The EU and its Member States will continue to closely monitor the developments on the ground. The respect of international humanitarian law and international human rights law by state and non-state actors, and accountability for violations committed, are a cornerstone for peace and security in the Middle East region.
The European Union office in Jerusalem added that: “The EU is committed to a negotiated two-state solution, based on international law, the 1967 lines, with equivalent land swaps, as may be agreed between the parties, with the State of Israel and an independent, democratic, contiguous, sovereign, and the viable State of Palestine, living side by side in peace, security and mutual recognition”.

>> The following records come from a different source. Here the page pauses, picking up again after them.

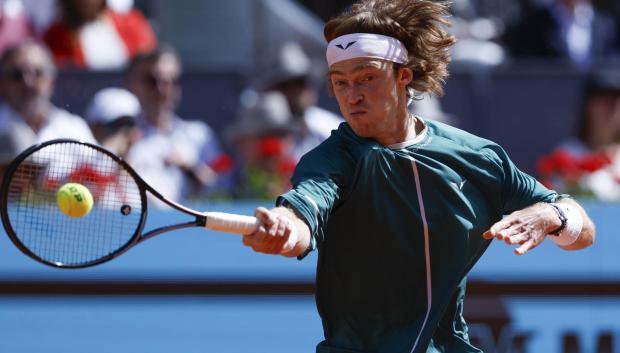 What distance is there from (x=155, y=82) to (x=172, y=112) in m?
0.25

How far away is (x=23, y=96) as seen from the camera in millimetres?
6875

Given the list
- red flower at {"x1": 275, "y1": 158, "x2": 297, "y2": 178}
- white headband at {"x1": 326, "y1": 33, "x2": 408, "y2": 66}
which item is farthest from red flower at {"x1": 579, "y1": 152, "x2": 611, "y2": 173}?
white headband at {"x1": 326, "y1": 33, "x2": 408, "y2": 66}

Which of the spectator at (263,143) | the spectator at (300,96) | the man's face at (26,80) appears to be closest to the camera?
the spectator at (263,143)

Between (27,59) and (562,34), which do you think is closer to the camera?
(27,59)

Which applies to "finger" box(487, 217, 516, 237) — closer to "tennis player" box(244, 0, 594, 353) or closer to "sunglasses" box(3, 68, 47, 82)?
"tennis player" box(244, 0, 594, 353)

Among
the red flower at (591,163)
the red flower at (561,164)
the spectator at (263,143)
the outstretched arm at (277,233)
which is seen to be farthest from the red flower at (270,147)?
the outstretched arm at (277,233)

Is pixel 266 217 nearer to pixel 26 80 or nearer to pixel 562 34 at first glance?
pixel 26 80

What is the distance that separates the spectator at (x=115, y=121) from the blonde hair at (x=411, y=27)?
9.67 feet

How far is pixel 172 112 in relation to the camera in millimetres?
7246

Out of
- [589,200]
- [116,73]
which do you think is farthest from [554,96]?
[116,73]

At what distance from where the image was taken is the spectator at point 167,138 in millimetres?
6895

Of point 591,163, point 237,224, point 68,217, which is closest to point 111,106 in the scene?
point 68,217

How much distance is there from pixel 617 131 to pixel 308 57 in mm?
2133

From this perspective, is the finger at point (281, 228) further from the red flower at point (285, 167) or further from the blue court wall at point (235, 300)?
the red flower at point (285, 167) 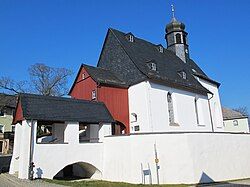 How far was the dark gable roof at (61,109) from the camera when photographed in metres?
17.2

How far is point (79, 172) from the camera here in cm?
2138

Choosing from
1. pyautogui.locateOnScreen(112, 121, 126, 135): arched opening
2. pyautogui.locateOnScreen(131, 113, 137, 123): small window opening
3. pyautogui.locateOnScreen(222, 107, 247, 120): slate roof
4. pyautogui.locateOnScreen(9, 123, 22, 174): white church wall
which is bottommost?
pyautogui.locateOnScreen(9, 123, 22, 174): white church wall

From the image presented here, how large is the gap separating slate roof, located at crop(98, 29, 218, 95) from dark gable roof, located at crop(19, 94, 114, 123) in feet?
16.0

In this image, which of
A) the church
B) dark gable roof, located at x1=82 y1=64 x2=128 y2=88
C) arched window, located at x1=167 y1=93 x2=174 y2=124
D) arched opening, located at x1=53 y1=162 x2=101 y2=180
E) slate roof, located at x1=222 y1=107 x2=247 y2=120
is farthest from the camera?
slate roof, located at x1=222 y1=107 x2=247 y2=120

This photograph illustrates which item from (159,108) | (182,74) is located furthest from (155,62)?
(159,108)

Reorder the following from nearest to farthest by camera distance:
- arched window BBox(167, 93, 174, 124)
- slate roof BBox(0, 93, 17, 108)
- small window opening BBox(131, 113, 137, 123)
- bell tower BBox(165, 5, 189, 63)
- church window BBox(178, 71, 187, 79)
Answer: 1. small window opening BBox(131, 113, 137, 123)
2. arched window BBox(167, 93, 174, 124)
3. church window BBox(178, 71, 187, 79)
4. bell tower BBox(165, 5, 189, 63)
5. slate roof BBox(0, 93, 17, 108)

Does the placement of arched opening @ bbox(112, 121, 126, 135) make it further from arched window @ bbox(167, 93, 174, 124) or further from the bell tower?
the bell tower

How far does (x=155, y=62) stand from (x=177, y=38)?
11.5 metres

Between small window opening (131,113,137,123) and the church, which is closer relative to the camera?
the church

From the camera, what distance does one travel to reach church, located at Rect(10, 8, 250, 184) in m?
17.2

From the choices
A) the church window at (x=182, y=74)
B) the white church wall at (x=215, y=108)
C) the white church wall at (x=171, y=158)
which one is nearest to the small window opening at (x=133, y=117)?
the white church wall at (x=171, y=158)

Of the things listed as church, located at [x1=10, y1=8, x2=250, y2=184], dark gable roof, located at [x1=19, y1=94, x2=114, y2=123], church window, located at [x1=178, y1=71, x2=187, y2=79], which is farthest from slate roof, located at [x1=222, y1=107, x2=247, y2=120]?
dark gable roof, located at [x1=19, y1=94, x2=114, y2=123]

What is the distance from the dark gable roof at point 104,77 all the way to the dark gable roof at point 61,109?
8.55 ft

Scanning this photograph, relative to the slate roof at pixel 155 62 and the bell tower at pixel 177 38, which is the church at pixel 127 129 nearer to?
the slate roof at pixel 155 62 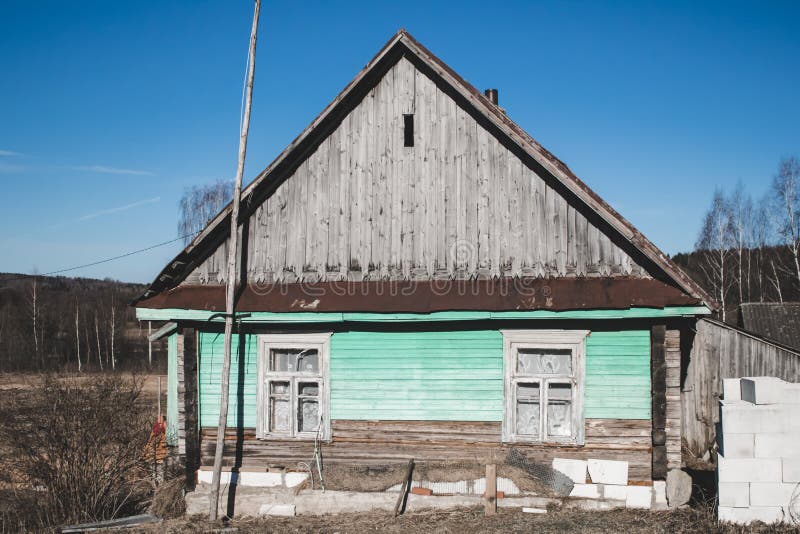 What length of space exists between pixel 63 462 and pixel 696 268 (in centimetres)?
3794

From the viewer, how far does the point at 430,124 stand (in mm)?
9602

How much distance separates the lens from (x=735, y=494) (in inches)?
304

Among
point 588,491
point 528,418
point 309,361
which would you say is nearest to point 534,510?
point 588,491

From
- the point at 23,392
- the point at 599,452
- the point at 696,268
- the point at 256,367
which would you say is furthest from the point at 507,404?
the point at 696,268

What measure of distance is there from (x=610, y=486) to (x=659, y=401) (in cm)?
138

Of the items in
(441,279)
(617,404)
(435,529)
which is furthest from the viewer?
(441,279)

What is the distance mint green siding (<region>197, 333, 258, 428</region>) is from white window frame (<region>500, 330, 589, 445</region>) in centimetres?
380

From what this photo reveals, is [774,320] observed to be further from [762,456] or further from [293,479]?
[293,479]

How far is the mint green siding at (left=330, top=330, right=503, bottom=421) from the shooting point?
895 cm

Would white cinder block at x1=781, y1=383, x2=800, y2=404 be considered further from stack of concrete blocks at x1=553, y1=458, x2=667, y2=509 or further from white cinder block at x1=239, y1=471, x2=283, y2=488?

The EU will continue to support all efforts aimed at reviving a political process in line with international law, which ensures equal rights and which is acceptable to both parties. The EU will engage with both Israel and the Palestinians, and with our international and regional partners to this end.

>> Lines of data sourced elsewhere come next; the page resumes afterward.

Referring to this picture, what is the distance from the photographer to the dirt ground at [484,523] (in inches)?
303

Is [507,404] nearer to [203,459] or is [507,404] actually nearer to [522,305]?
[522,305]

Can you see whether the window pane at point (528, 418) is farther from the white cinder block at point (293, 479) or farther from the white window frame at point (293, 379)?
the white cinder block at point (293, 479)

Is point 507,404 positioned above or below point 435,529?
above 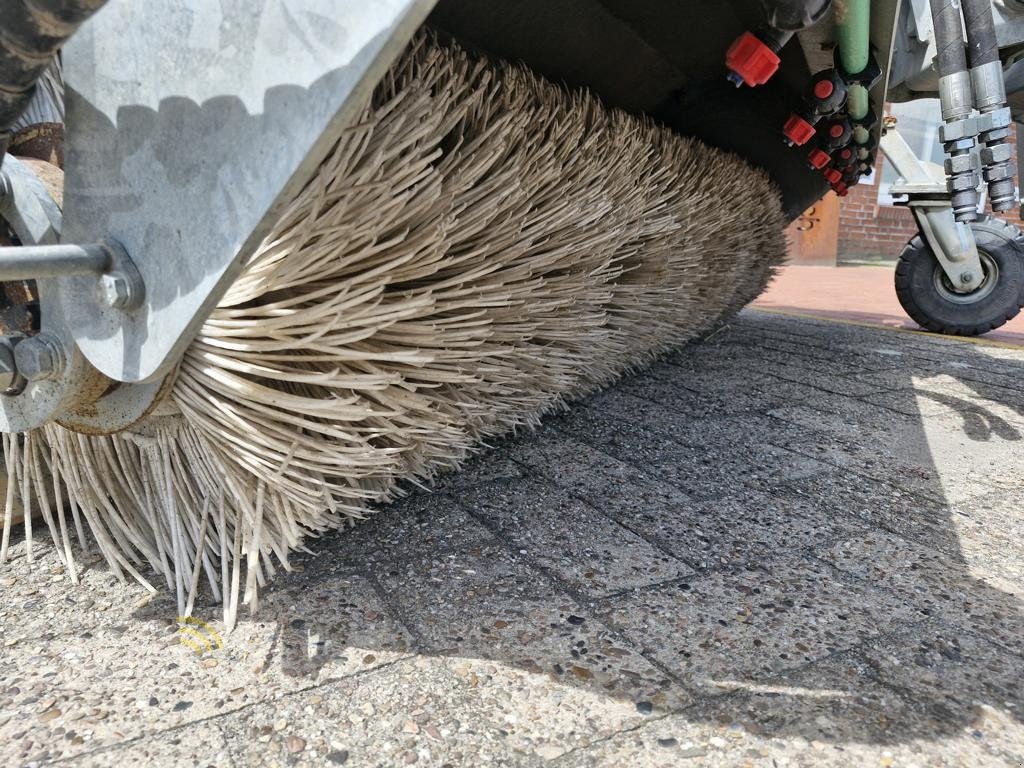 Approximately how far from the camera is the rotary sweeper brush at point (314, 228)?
1.94 ft

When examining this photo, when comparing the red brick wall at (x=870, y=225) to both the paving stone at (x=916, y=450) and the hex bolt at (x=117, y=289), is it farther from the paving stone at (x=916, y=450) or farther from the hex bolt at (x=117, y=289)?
the hex bolt at (x=117, y=289)

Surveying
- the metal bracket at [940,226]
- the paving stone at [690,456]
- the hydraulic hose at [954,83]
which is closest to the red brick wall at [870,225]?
the metal bracket at [940,226]

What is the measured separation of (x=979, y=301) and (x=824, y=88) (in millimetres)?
1931

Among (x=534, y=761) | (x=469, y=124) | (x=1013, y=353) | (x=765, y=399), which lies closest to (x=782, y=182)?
(x=765, y=399)

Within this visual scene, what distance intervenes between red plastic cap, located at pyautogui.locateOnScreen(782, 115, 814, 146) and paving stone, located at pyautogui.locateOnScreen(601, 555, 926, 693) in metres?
1.14

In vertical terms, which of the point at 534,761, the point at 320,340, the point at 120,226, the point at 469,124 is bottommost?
the point at 534,761

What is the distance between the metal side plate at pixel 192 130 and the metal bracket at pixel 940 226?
2998 millimetres

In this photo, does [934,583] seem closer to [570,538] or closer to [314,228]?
[570,538]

The EU has previously expressed concern about laws adopted by Israel such as the “Regularisation Law” in 2017. The EU considers that any law adopted by Israel that unilaterally legalizes the seizure of Palestinian property rights and effectively authorizes the confiscation of privately-owned Palestinian land in occupied territory is not only beyond Israel’s jurisdiction: it risks entrenching a one-state reality of unequal rights, perpetual occupation, and conflict.
The EU’s position on the Israeli settlements in the occupied Palestinian territory, including East Jerusalem, is also clear and hasn’t changed: They are illegal under international law, constitute a major obstacle to peace and threaten to make a two-state solution impossible.